Narcisse Macron a rendez-vous avec Némésis, déesse de la Vengeance…

D’après sa mère, la nymphe Liriopé, Narcisse devait vivre longtemps, pourvu qu’il ne vît jamais son propre visage. Le drame d’Emmanuel Macron est qu’il passe son temps à se contempler, à s’admirer, à s’aimer, il semble programmer pour les plaisirs solitaires et demande, devant le spectacle obscène de sa jouissance ultralibérale, qu’on l’encourage, qu’on l’applaudisse, qu’on le vénère.

D’après sa mère, la nymphe Liriopé, Narcisse devait vivre longtemps, pourvu qu’il ne vît jamais son propre visage.

Le drame d’Emmanuel Macron est qu’il passe son temps à se contempler, à s’admirer, à s’aimer et à s'écouter, il semble programmer pour les plaisirs solitaires et demande, devant le spectacle obscène de sa jouissance ultralibérale, qu’on l’encourage, qu’on l’applaudisse, qu’on le vénère.

Malheureusement le plaisir n’est pas partagé, c’est l’essence même de sa politique onaniste basée sur la satisfaction immédiate d’une poignée de spéculateurs contre un peuple qu’il déshabille aux grès de ses fantasmes.

Eh bien, dansez maintenant ! dit-il d'un ton martial à cette plèbe qui ne le reconnait pas.

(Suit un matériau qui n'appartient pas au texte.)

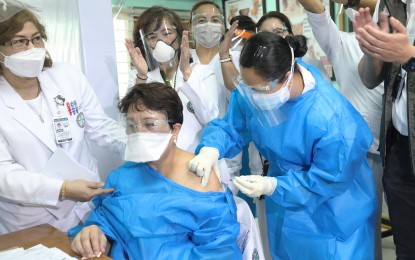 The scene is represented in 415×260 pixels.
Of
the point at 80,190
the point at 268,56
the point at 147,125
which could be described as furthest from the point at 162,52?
the point at 80,190

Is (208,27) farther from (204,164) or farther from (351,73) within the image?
(204,164)

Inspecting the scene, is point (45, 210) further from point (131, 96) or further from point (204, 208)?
point (204, 208)

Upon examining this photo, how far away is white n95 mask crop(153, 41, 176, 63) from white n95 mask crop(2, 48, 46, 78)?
51 cm

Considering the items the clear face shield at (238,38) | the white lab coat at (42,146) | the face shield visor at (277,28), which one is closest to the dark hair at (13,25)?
the white lab coat at (42,146)

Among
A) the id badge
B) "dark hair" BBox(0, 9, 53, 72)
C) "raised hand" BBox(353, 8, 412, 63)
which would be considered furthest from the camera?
the id badge

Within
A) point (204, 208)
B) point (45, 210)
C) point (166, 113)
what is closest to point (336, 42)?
point (166, 113)

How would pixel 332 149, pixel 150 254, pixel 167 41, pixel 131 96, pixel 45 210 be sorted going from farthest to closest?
pixel 167 41 → pixel 45 210 → pixel 131 96 → pixel 332 149 → pixel 150 254

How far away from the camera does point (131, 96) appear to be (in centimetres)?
Answer: 141

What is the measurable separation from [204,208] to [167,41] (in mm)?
903

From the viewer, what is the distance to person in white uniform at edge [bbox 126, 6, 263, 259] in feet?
5.81

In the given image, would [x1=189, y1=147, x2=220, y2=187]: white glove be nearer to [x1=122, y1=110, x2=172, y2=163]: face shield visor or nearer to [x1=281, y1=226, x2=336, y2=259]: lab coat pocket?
[x1=122, y1=110, x2=172, y2=163]: face shield visor

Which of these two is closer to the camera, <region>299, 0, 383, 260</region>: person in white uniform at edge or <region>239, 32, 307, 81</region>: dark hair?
<region>239, 32, 307, 81</region>: dark hair

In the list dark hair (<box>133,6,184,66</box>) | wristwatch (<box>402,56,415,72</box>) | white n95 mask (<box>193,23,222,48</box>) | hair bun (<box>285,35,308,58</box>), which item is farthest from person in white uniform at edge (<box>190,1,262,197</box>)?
wristwatch (<box>402,56,415,72</box>)

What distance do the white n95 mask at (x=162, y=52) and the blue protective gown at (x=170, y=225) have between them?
75 cm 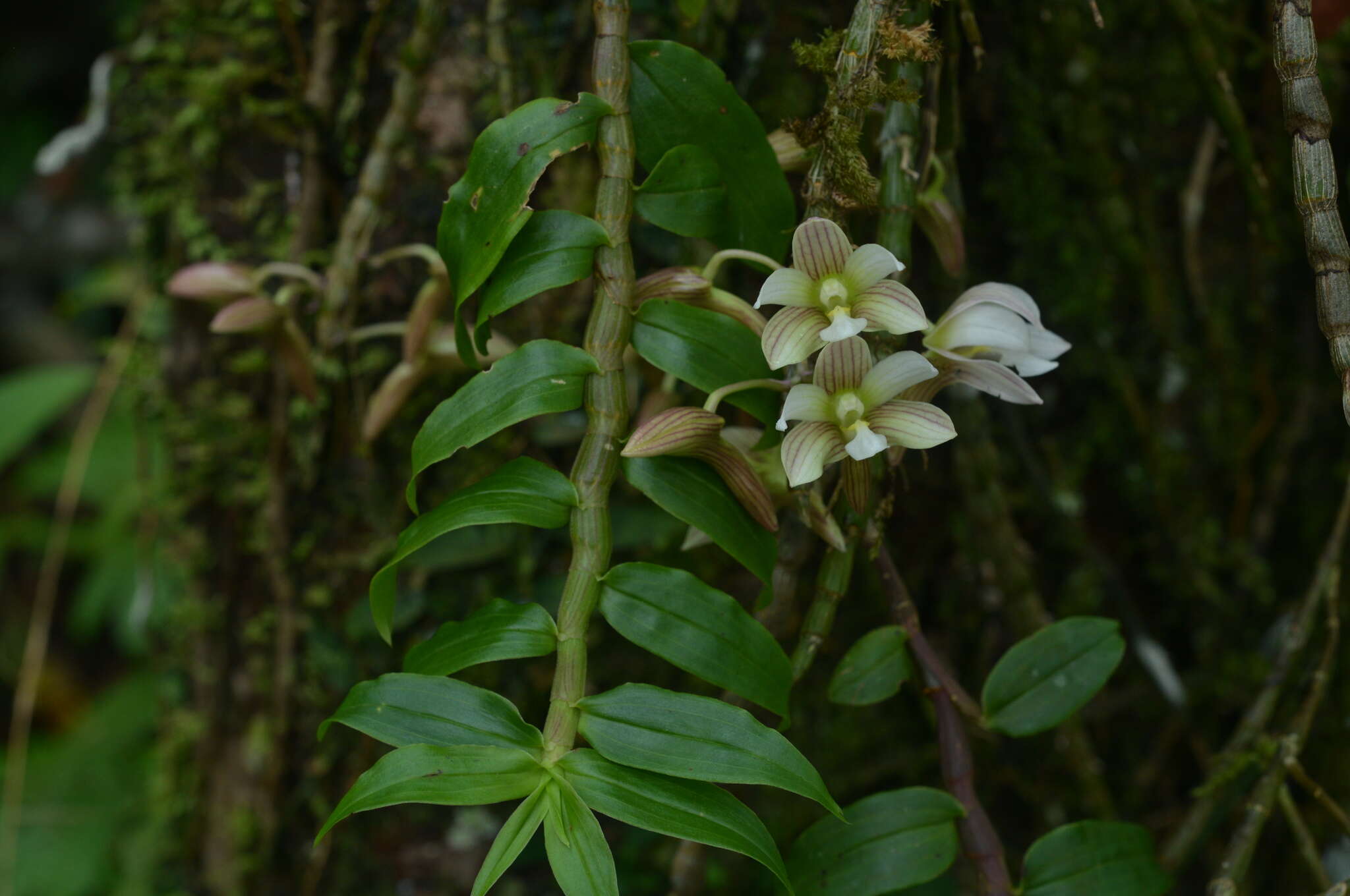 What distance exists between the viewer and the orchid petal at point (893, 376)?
0.60 meters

Hier, devant un parterre de député(e)s fétichistes et « en même temps » soumis(es), voire masochistes Narcisse Macron s’est livré à son exercice préféré, se mettre en scène pour faire le beau, claquettes comprises, « contemplez-moi et vous serez guéri, mes braves, mais surtout ne doutez pas ! ».

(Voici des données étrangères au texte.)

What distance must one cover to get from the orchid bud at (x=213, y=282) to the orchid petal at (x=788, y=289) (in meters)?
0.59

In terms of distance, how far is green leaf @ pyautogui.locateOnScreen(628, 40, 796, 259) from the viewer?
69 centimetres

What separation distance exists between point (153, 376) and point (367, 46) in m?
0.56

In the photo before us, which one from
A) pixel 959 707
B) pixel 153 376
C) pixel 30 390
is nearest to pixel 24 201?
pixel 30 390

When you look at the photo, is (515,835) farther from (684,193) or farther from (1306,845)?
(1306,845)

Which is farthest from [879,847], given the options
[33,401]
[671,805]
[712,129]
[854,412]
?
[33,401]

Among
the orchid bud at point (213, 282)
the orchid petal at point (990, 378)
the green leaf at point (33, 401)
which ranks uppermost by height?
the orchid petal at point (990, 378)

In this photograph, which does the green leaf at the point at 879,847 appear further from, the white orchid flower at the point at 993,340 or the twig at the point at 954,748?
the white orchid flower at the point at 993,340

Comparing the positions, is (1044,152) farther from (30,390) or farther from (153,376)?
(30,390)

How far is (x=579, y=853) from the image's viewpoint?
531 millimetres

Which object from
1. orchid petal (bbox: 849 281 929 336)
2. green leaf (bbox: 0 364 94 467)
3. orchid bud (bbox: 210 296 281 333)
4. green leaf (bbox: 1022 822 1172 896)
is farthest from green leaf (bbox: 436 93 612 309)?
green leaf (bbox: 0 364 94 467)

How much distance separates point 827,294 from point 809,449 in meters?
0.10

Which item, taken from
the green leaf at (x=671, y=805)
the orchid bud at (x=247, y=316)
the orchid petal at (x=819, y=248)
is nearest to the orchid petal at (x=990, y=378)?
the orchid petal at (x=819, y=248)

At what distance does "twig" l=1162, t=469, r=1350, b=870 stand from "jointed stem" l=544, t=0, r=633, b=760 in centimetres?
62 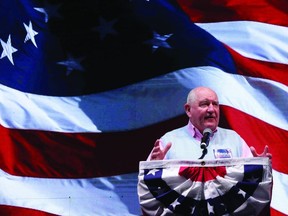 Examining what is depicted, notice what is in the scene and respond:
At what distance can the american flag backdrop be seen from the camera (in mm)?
5848

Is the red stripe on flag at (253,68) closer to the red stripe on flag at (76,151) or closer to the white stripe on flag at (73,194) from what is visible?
the red stripe on flag at (76,151)

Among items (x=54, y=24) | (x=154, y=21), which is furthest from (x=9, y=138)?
(x=154, y=21)

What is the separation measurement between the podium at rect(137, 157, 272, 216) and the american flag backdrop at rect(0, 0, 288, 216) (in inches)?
57.6

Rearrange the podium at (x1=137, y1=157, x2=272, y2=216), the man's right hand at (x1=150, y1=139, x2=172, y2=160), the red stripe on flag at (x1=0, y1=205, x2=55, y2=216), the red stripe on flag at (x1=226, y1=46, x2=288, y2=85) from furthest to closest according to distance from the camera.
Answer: the red stripe on flag at (x1=226, y1=46, x2=288, y2=85), the red stripe on flag at (x1=0, y1=205, x2=55, y2=216), the man's right hand at (x1=150, y1=139, x2=172, y2=160), the podium at (x1=137, y1=157, x2=272, y2=216)

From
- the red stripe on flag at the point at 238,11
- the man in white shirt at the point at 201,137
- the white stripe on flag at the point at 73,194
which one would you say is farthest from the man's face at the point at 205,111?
the red stripe on flag at the point at 238,11

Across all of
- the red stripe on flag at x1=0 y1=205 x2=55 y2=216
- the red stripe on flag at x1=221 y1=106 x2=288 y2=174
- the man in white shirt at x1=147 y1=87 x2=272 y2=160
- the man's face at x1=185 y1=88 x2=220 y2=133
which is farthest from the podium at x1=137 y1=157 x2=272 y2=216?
the red stripe on flag at x1=0 y1=205 x2=55 y2=216

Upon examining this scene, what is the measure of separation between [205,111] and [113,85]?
1.28 metres

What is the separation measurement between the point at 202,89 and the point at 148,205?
2.92 feet

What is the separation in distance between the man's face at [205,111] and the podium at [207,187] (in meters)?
0.49

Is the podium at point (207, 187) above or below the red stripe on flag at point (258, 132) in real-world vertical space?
above

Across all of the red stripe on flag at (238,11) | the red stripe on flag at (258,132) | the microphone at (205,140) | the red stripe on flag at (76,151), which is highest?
the red stripe on flag at (238,11)

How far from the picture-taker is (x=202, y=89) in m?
4.94

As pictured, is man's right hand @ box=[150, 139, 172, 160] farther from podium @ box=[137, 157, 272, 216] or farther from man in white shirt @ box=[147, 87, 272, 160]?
man in white shirt @ box=[147, 87, 272, 160]

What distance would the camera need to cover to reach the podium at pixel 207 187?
4.29 m
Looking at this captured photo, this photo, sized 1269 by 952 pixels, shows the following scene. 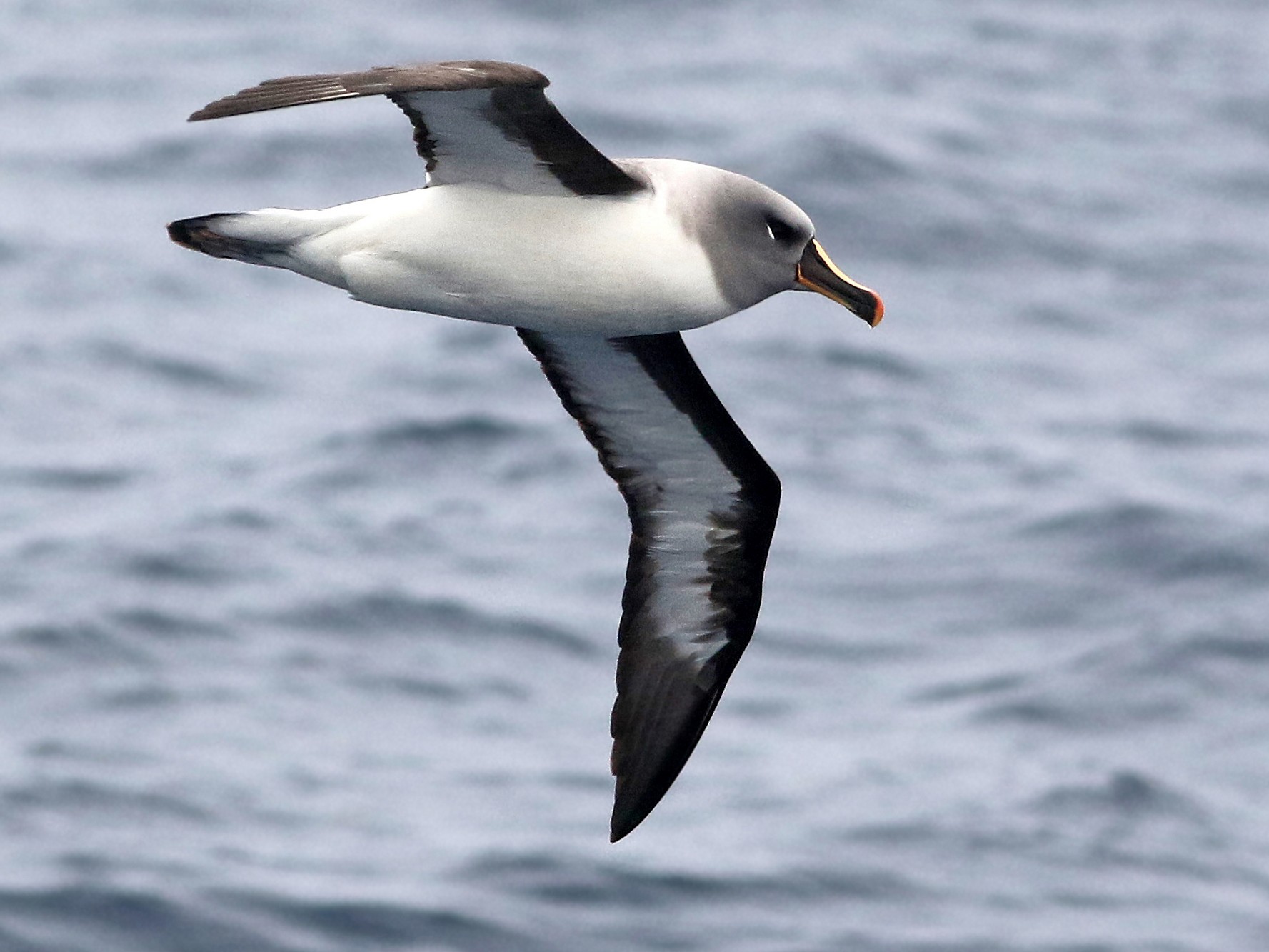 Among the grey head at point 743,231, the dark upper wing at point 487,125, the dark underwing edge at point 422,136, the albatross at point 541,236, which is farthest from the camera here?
the grey head at point 743,231

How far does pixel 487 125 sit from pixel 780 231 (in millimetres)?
1251

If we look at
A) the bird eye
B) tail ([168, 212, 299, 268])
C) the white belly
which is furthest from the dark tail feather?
the bird eye

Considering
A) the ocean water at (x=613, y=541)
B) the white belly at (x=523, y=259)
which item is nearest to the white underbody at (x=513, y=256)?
the white belly at (x=523, y=259)

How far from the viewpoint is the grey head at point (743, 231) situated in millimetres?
9625

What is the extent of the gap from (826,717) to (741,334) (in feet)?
28.6

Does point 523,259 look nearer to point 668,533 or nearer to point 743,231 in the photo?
point 743,231

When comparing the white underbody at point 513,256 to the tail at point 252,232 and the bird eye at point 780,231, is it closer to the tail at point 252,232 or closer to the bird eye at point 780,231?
the tail at point 252,232

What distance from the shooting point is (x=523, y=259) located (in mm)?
9570

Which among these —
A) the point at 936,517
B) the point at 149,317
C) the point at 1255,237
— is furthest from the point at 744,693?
the point at 1255,237

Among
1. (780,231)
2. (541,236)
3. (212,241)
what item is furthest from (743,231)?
(212,241)

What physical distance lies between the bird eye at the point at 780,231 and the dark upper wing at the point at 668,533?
1.52 metres

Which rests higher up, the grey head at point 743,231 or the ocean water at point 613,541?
the grey head at point 743,231

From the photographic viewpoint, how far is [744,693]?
1156 inches

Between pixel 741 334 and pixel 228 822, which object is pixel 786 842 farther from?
pixel 741 334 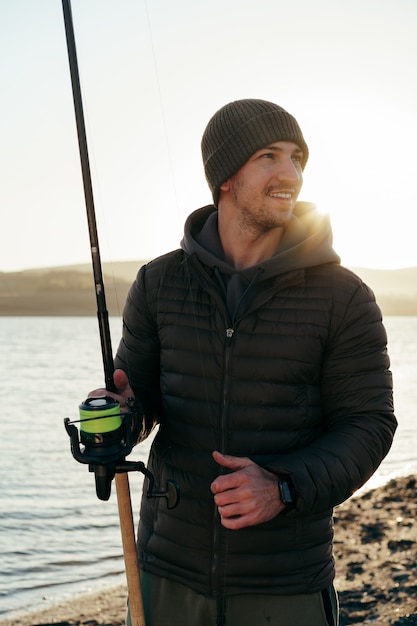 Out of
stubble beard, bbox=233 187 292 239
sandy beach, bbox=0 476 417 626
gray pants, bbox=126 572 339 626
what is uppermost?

Onaniste et « en même temps » exhibitionniste.

Il explique à sa horde de suiveurs-voyeurs qu’ils catalysent « la violence de manière inqualifiable, injuste et disproportionnée » et ajoute « Avec les retraites, tout ressort. On nous reproche les problèmes de leur quotidien. Tous les ressentiments sont en train de ressortir, ça tombe sur nous. C'est parce qu'on a agité la société ».

« Violence disproportionnée… On nous reproche les problèmes de leur quotidien…ça tombe sur nous…on a agité la société ».

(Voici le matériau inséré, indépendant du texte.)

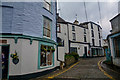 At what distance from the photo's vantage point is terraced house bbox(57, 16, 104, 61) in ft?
71.0

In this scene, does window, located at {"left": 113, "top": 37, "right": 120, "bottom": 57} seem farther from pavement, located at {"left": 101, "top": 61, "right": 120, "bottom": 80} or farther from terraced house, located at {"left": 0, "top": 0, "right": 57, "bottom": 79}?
terraced house, located at {"left": 0, "top": 0, "right": 57, "bottom": 79}

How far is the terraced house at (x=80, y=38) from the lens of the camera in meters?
21.6

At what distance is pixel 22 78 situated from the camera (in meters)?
6.68

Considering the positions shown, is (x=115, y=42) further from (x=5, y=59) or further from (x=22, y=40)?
(x=5, y=59)

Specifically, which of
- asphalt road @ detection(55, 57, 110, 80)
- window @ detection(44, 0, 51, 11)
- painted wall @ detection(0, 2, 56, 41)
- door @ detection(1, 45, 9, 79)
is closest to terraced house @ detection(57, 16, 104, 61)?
window @ detection(44, 0, 51, 11)

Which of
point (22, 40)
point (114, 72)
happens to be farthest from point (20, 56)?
point (114, 72)

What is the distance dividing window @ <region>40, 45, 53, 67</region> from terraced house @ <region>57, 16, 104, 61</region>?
913cm

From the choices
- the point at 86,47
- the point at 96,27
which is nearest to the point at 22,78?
the point at 86,47

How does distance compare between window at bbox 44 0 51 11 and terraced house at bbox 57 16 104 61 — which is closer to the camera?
window at bbox 44 0 51 11

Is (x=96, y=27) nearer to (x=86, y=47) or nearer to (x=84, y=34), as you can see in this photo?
(x=84, y=34)

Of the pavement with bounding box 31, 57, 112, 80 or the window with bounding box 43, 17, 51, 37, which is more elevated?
the window with bounding box 43, 17, 51, 37

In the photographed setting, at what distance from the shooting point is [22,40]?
708 cm

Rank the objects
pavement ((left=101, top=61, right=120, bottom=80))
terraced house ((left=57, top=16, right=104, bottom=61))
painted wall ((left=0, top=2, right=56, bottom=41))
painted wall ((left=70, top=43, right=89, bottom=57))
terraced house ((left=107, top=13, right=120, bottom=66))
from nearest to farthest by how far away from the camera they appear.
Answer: pavement ((left=101, top=61, right=120, bottom=80)), painted wall ((left=0, top=2, right=56, bottom=41)), terraced house ((left=107, top=13, right=120, bottom=66)), terraced house ((left=57, top=16, right=104, bottom=61)), painted wall ((left=70, top=43, right=89, bottom=57))

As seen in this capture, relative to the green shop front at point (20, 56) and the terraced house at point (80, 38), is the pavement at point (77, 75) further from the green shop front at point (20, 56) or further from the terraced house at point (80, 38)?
the terraced house at point (80, 38) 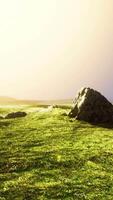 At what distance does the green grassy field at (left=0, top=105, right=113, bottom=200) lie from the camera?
22.3 metres

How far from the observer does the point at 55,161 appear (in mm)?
28219

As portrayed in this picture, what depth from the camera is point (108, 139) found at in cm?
3559

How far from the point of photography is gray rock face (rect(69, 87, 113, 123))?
45188 mm

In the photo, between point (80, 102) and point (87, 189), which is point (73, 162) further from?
point (80, 102)

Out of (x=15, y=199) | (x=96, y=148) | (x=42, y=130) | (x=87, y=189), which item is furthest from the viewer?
(x=42, y=130)

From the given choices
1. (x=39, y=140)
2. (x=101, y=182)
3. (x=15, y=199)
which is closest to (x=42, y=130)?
(x=39, y=140)

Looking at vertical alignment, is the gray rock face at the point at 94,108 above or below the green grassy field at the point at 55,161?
above

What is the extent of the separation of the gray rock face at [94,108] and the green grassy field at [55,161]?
71.6 inches

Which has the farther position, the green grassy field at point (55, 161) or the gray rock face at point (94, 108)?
the gray rock face at point (94, 108)

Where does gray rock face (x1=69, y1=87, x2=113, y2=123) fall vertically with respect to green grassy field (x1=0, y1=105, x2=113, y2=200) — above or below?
above

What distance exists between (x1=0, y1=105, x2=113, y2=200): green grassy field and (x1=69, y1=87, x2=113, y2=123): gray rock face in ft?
5.97

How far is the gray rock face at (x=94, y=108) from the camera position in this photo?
45.2 meters

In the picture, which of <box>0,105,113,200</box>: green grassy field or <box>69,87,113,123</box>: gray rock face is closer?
<box>0,105,113,200</box>: green grassy field

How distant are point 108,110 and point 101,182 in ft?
73.8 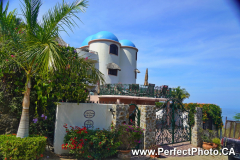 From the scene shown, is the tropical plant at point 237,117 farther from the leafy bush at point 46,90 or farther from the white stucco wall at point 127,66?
the white stucco wall at point 127,66

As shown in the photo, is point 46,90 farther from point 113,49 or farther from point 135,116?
point 113,49

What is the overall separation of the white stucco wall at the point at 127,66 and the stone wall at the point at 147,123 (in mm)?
15122

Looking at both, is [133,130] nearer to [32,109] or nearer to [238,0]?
[32,109]

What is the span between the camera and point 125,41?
2455 cm

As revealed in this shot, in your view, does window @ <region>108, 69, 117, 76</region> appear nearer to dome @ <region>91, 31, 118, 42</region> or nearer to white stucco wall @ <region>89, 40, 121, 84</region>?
white stucco wall @ <region>89, 40, 121, 84</region>

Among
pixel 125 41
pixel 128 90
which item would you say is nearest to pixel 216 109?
pixel 128 90

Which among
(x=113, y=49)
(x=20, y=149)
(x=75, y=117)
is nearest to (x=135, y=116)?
(x=75, y=117)

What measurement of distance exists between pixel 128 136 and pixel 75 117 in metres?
2.48

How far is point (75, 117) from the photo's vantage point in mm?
6773

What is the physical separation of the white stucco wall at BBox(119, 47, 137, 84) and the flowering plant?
1610cm

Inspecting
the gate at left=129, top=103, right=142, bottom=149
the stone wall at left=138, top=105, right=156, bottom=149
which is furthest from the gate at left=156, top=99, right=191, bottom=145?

Il fait appel aux images savamment montées et complaisamment diffusées (et rediffusées en boucle) par les chainesd’infosencontinu, propagandistes officiels, il renverse la problématique de l’injustice sociale, en faisant l’impasse sur les conséquences désastreuses de ses réformes et se positionne, in fine, en victime expiatoire : il met en scène un autre « film » que celui auquel les Français assistent depuis près de trois ans, en rhétorique on appelle cela une hypotypose. Qui commence comme hypnose, ce dont ont le plus besoin ses ouailles-député(e)s venues se ressourcer.

En psychologie, la réactance est un mécanisme de défense activé par une personne qui tente de maintenir à tout prix sa liberté d'action  lorsqu'il la croit menacée, c'est son cas à chaque fois qu'il est contesté.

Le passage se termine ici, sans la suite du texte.